MCP aims to make any compliant host work with any compliant server using the same JSON protocol, but differences in schema formats and features still exist across implementations.
Deep dive on MCP servers
MCP servers do most of the heavy lifting. Here’s what a production‑grade server typically handles:
- Control plane responsibilities It routes incoming requests from your UI or backend to the correct endpoints and services. Authentication, rate limiting and endpoint selection all happen here.
- Support for agentic AI workloads When you build multi‑step agents, the server manages plan state, persists intermediate results and schedules subgoals. If a step fails or needs retrying, the server picks up where it left off.
- Orchestration of AI agents In production, you need reliability. MCP servers stitch together generative calls, external connectors and data stores, enforce role‑based permissions, log every action for auditability and retry on transient errors.
- Scale and security Servers run in containerised environments with horizontal autoscaling. They expose metrics and logs so you can monitor performance and detect anomalies. Plugin‑based connectors let you extend to any third‑party service without changing core code.
- Vendor‑agnostic protocol MCP is model‑ and vendor‑neutral. Any AI platform can implement it by supporting standard function calls and a plugin architecture. Claude desktop even ships with a local server for rapid prototyping against Google Drive or Slack.
- Protocol processing steps Session and access rights management, schema‑based request parsing (for example, text‑to‑SQL) and intelligent query composition all happen inside the server.
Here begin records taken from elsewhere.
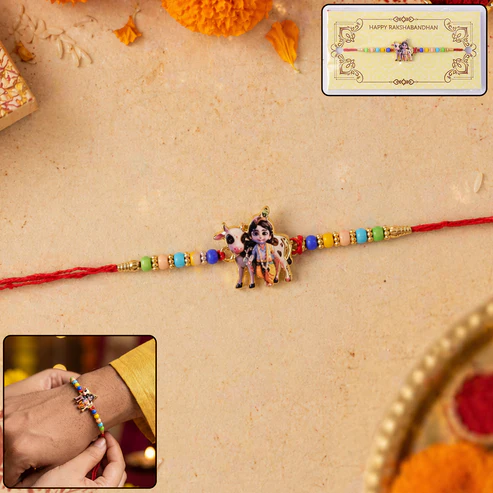Lord Krishna with Cow Designer Rakhi (1 Pc) - Image 2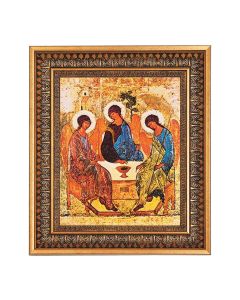 8" x 10" Rubler: Holy Trinity-Hospitality of Abraham Print in a 11.5" x 13.5" Vintage Bronze with Acanthus Leaves Frame with Velvet Backing Easel and Glass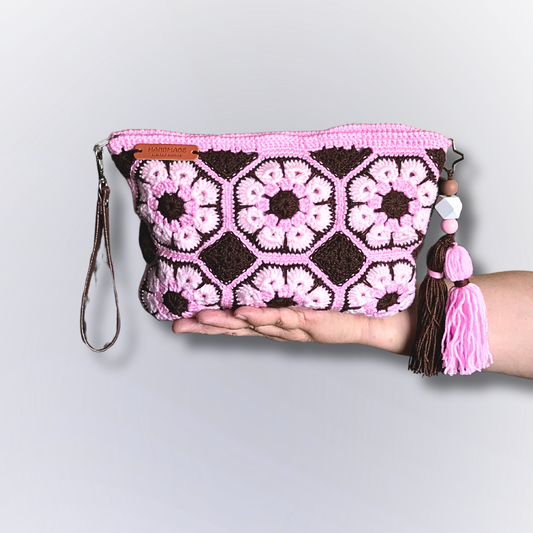 BOLSA Castanho e Rosa Quadrados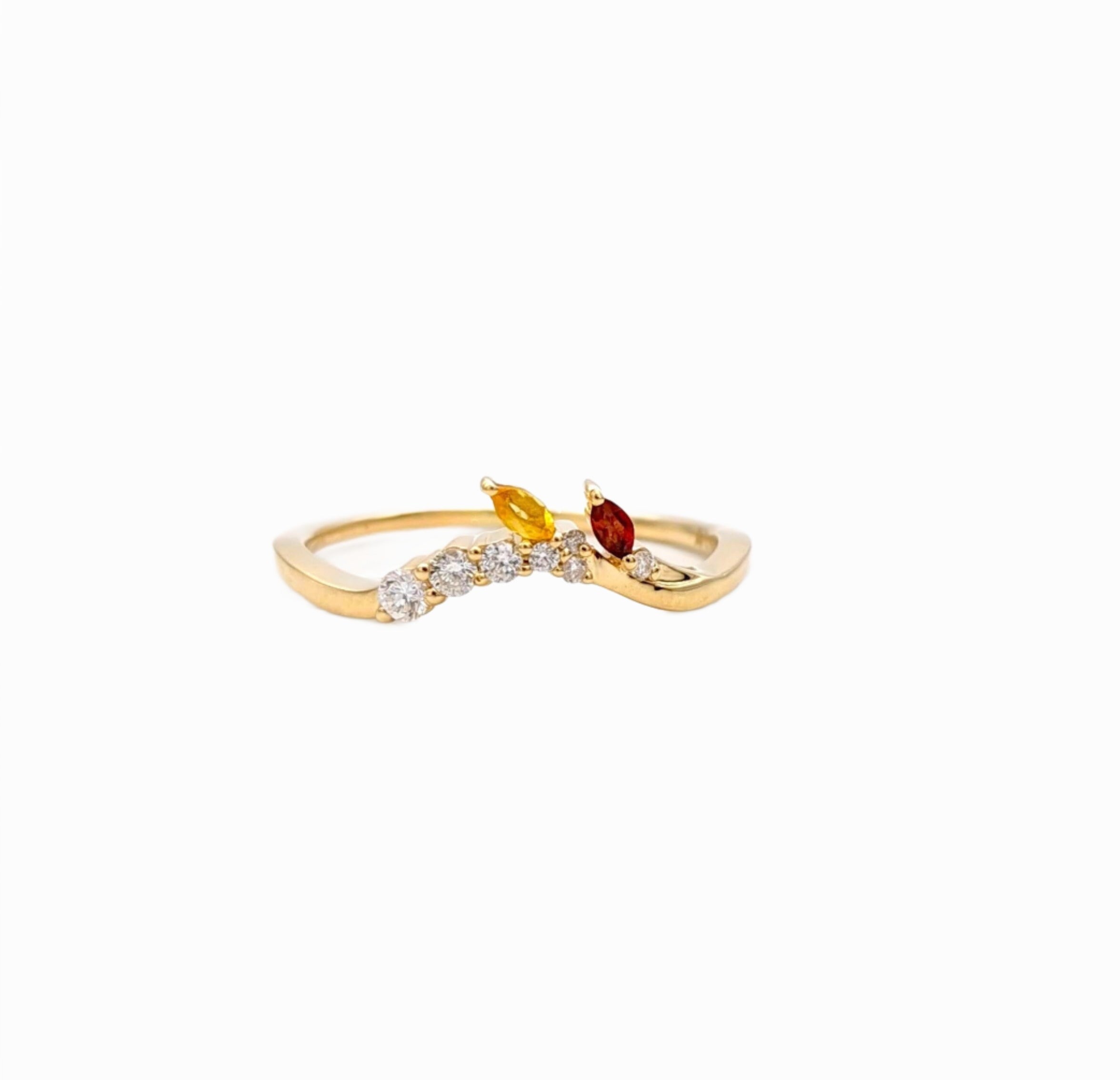 Marquise Citrine & Garnet Shadow Band in Solid 14k Yellow Gold Accented by All Natural Round Diamonds || Contour Band || Customizable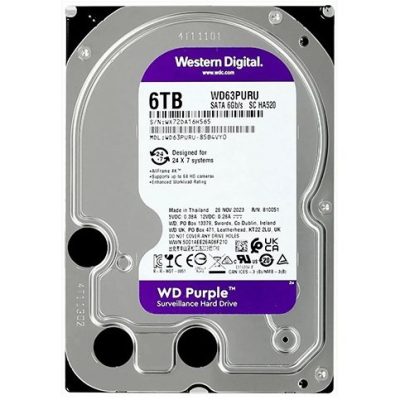 اچ دی دی استوک اینترنال HDD WESTERN PURPLE ظرفیت 6 ترابایت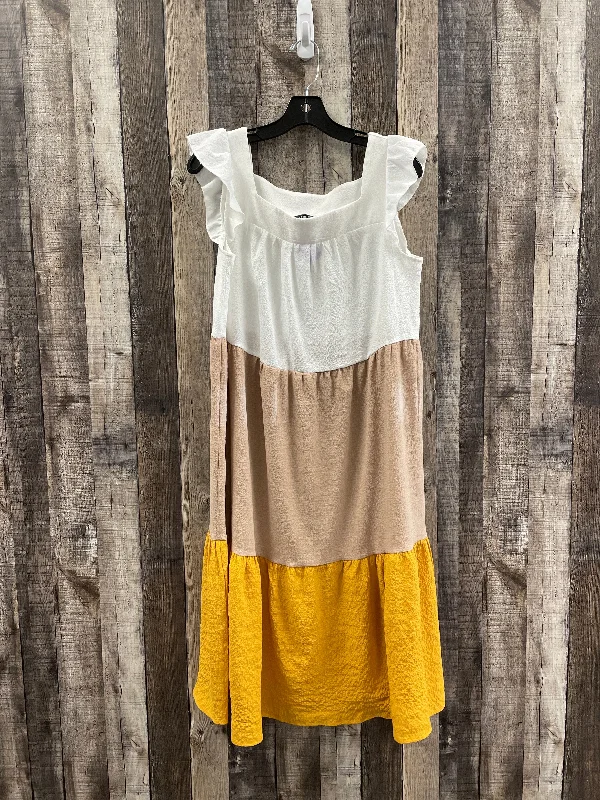 Multi-colored Dress Casual Midi Shein, Size M Cozy Ribbed Knit Midi Dress
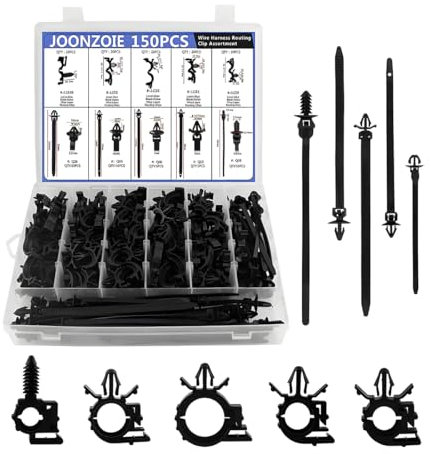 JNNJ 150 Stück Nylon Kabelbaum-Verlegeclip-Sortiment Für Autos, Auto-Kabelbaum-Führungsclips, Kabelbaumverlegeclips-Sortiment, Universal Für Die Meisten Autos SUVs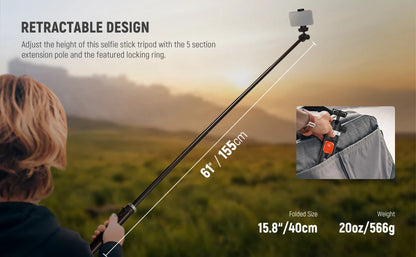 NEEWER Phone Tripod for Cell Phone Camera Remote 62.9" All Metal Selfie Stick Travel Vlog Tripod Stand for iPhone with Holder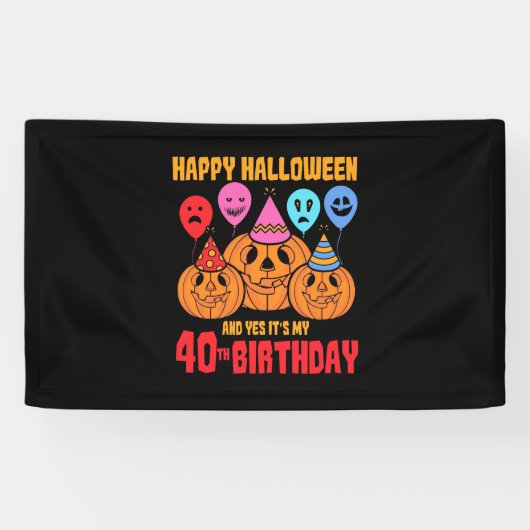 Happy Halloween 40. Geburtstag Banner (Horizontal)
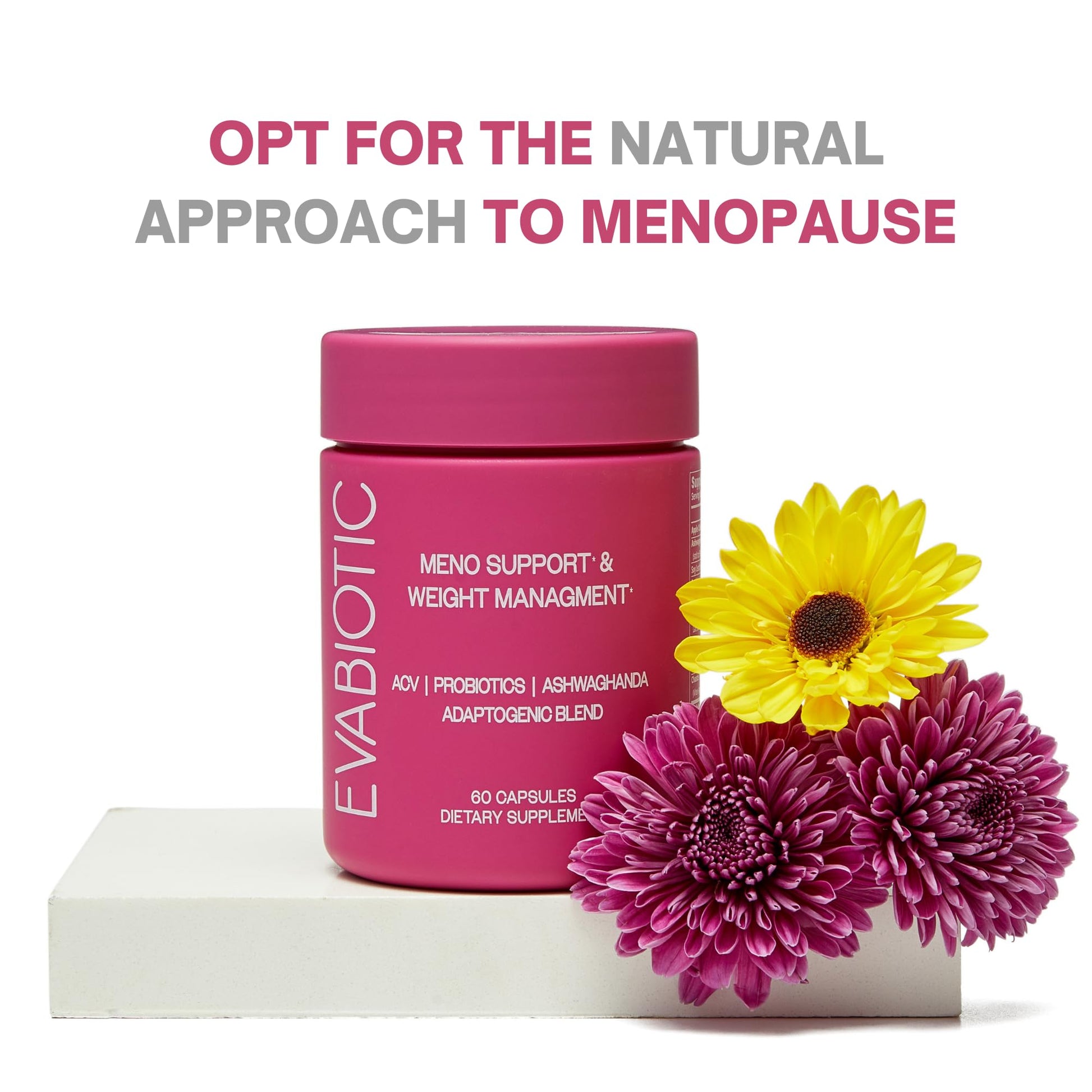 Complete Menopause Vitamins - Ashwaghanda, Probiotics, ACV for Weight Management, Hot Flashes, Night Sweats, Bloat, Hormone Balance - Vegan 60 Caps Menopause Supplements for Women Non-GMO EVABIOTIC buy supplements canada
- Enterprise use cases From federated data‑mesh access and dynamic data masking for CRM/ERP to curated domain‑specific layers and compliance audit logging, MCP servers power critical patterns at scale.
- Interactive guarantees Conversational applications demand low latency. MCP servers provide latency SLAs, smart caching and connection pooling so your users enjoy responsive, uninterrupted workflows.
How MCP works in practice
When you’ve set up your host and server, here’s the typical flow:
- Discover The client sends a request to list available tools and resources. The server returns a catalog of capabilities, from data connectors to custom actions.
- Select Your AI model decides which tool to use. It sends the query and tool metadata back to the server, asking it to invoke a specific action.
- Invoke The client forwards the request to the server, including any parameters or context. The server executes the action, whether that’s querying a database, calling an API or running a subroutine.
- Respond The server returns the result to the client. The client then feeds that output back into the language model, allowing the model to craft its final response.
This standardised handshake means every request follows the same pattern, making integrations predictable and reliable.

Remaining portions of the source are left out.